Whenever you get big groupings of people in an area, that’s when you’ll find the food from their home country,” says Dave McHugh, who grew up in New York state but has been basking in the San Diego sun for decades now and hasn’t looked back. He’s chef of Pavilion Dining at the University of San Diego (USD), a small Catholic school that overlooks the cactus-covered hills of the city, a place that owes much of its culinary scene to Mexico.
For the USD foodservice team, translating Mexican heritage to the plate means featuring—and respecting—the foundational ingredients of the Mexican kitchen: corn, tomatoes, beans, chilies and onions.
That means lots and lots of fresh salsa found just about anytime at the campus eateries, and a lot of street corn.
“Just last Friday we served about 1,600 ears of street corn with cotija, lime, Mexican hot sauce and mayonnaise,” he says. “It’s the kind of thing you can find in Mexico, but also on the side of the road in LA.”
That juxtaposition of the earthy and the flashy, the then and the now, it just makes up a vibrant food culture on the Left Coast that’s unlike anywhere else.
Spa Cuisine that refreshes
One theory of why Californians tend to be so laid back is that they take the time to relax, recharge and rejuvenate.

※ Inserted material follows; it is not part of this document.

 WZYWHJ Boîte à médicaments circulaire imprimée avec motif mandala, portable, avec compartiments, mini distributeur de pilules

One way to do that is at a spa, where clean, healthful cuisine has been popular for decades.
At UCLA Medical Center, Executive Chef Gabriel Gomez recreates that experience for hospital staff.

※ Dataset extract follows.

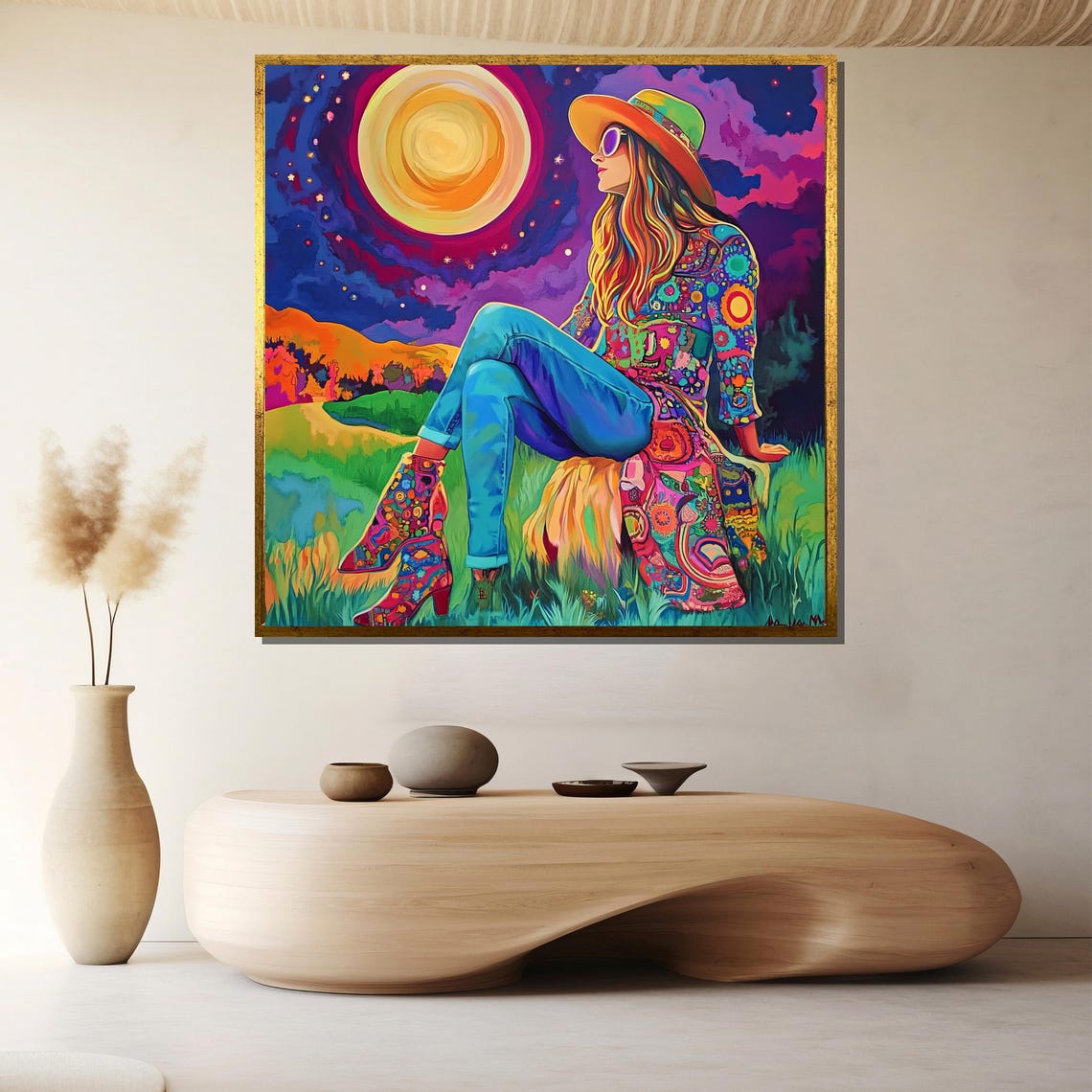 Bohemian Woman Gazing at Giant Moon in Psychedelic Sky Art Poster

That means food that’s lighter and brighter, including Tilapia with Quinoa Kale Salad.
Tri-tip is kind of a big deal
The tri-tip is a cut of beef, but to California barbecue enthusiasts, it’s a way of life. In the late 1950s, it became popular, and is traditionally rubbed with salt, pepper, garlic, other seasonings and grilled over red oak.
This results in a beefy, juicy experience that’s very low cost, since it’s a subprimal cut. California Dreamin’ on a budget.
Heavenly Snacks from the City of Angels
Traditions Bar & Grill, known as “Traddies” to regulars, is a campus pub at the University of Southern California, Los Angeles. It’s a popular spot to watch the big games or just hang out among the 10 flat-screen TVs. When Assistant Kitchen Manager Clayton Miranda wants to give students a taste of fun, funky Southern California, these items are at the top of the list:
Street Tacos: Bulgogi (Korean barbecue) with kimchi slaw and cilantro-onion relish.
Carne Asada Fries: Topped with sharp cheddar and guacamole.
LA Dog: An all-beef hot dog wrapped in bacon on a brioche bun, with caramelized onion and pepper and jalapeño-avocado crema.